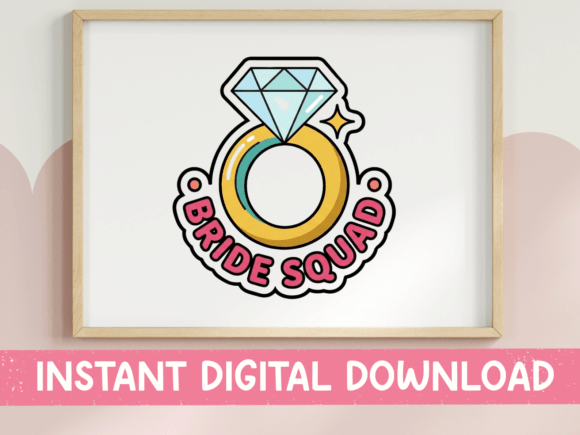 Bride Squad Diamond Ring Sticker Graphics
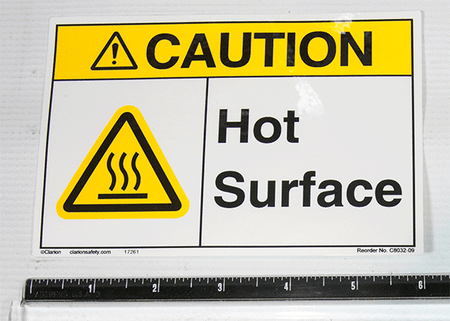 MJQ00507 - 6"X4" Caution Hot Label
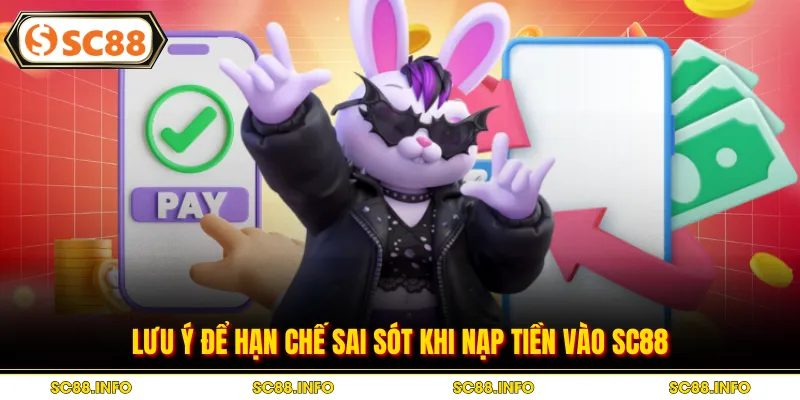 Lưu ý để hạn chế sai sót khi nạp tiền vào SC88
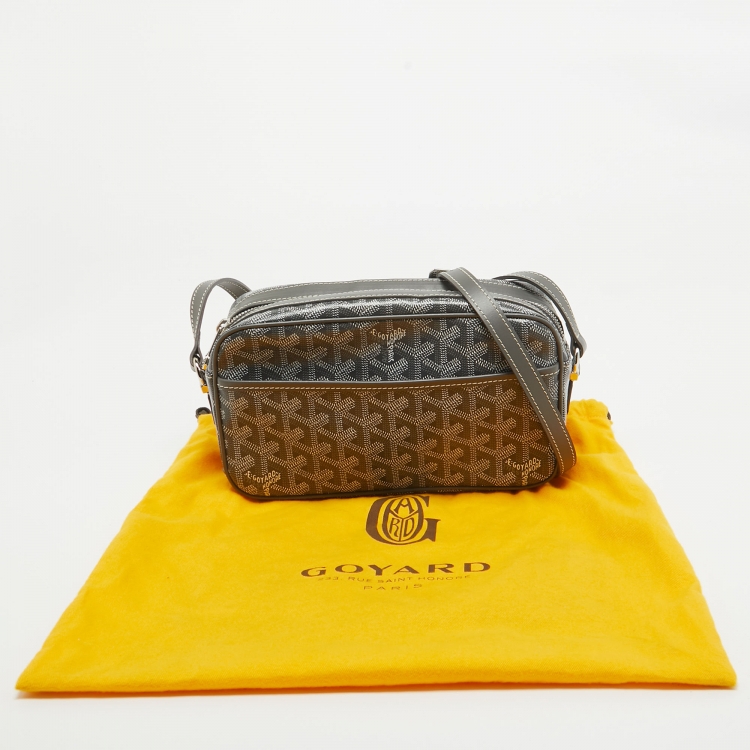 Pre Owned Goyard Grey Goyardine Coated Canvas Cap Vert Bag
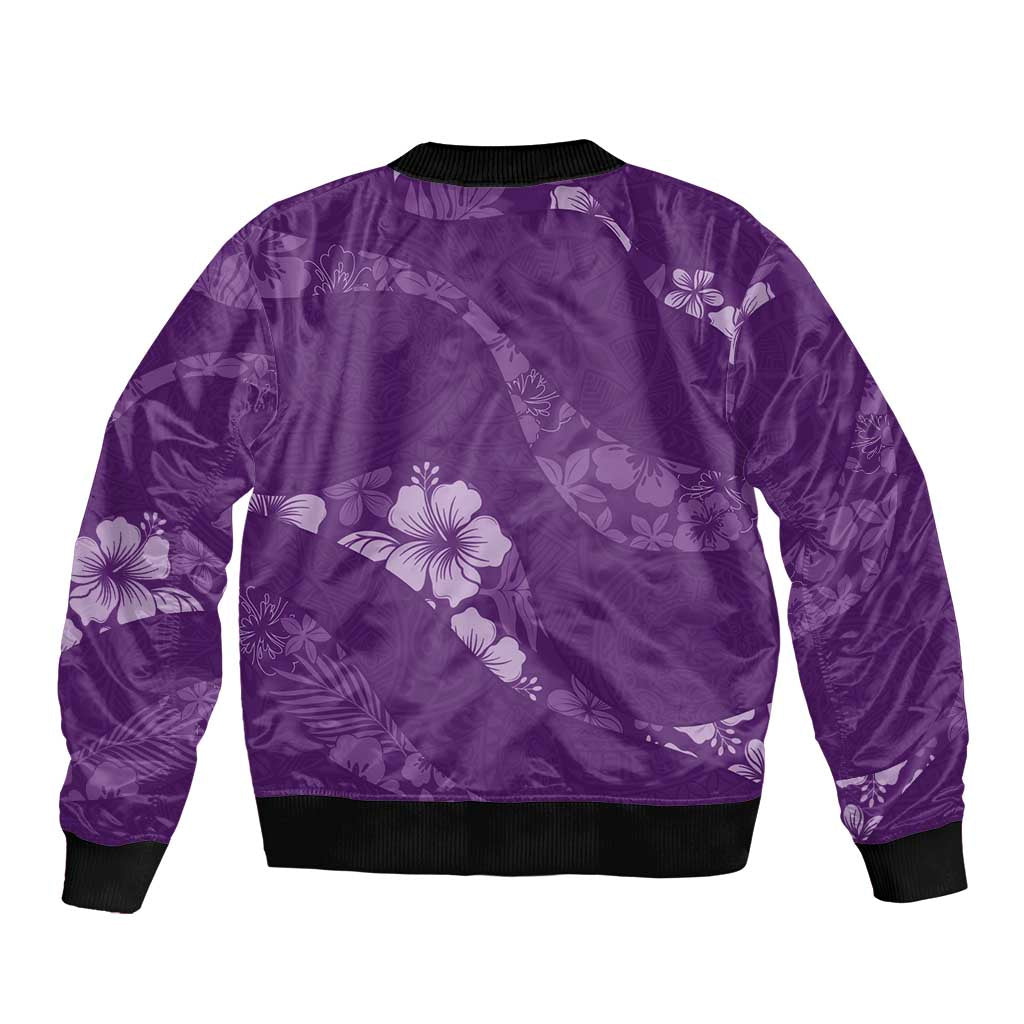 Aloha Hawaii Floral Tapa Bomber Jacket Patchwork Violet LT7 - Polynesian Pride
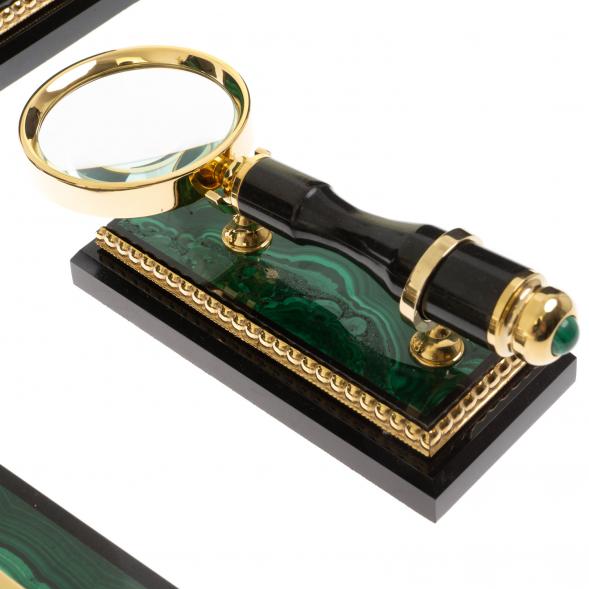 Письменный набор &amp;quot;Держава&amp;quot; из малахита Златоуст 129627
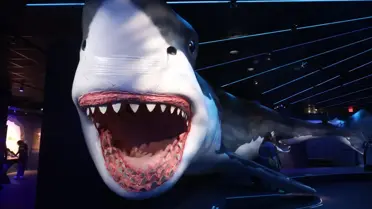 Teksas'taki Köpek Balığı Sergisinde 15 Metrelik Megalodon Modeli İlgi Odağı Oldu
■ ■ ■ ■
• **Aim of the task**
Output each record above word for word, leaving out images.

• **The answer**
 Bride Squad Diamond Ring Sticker Graphics
 MJQ00507 - 6"X4" Caution Hot Label
 Lưu ý để hạn chế sai sót khi nạp tiền vào SC88
 Pre Owned Goyard Grey Goyardine Coated Canvas Cap Vert Bag
 Aloha Hawaii Floral Tapa Bomber Jacket Patchwork Violet LT7 - Polynesian Pride
 Письменный набор &amp;quot;Держава&amp;quot; из малахита Златоуст 129627
 Teksas'taki Köpek Balığı Sergisinde 15 Metrelik Megalodon Modeli İlgi Odağı Oldu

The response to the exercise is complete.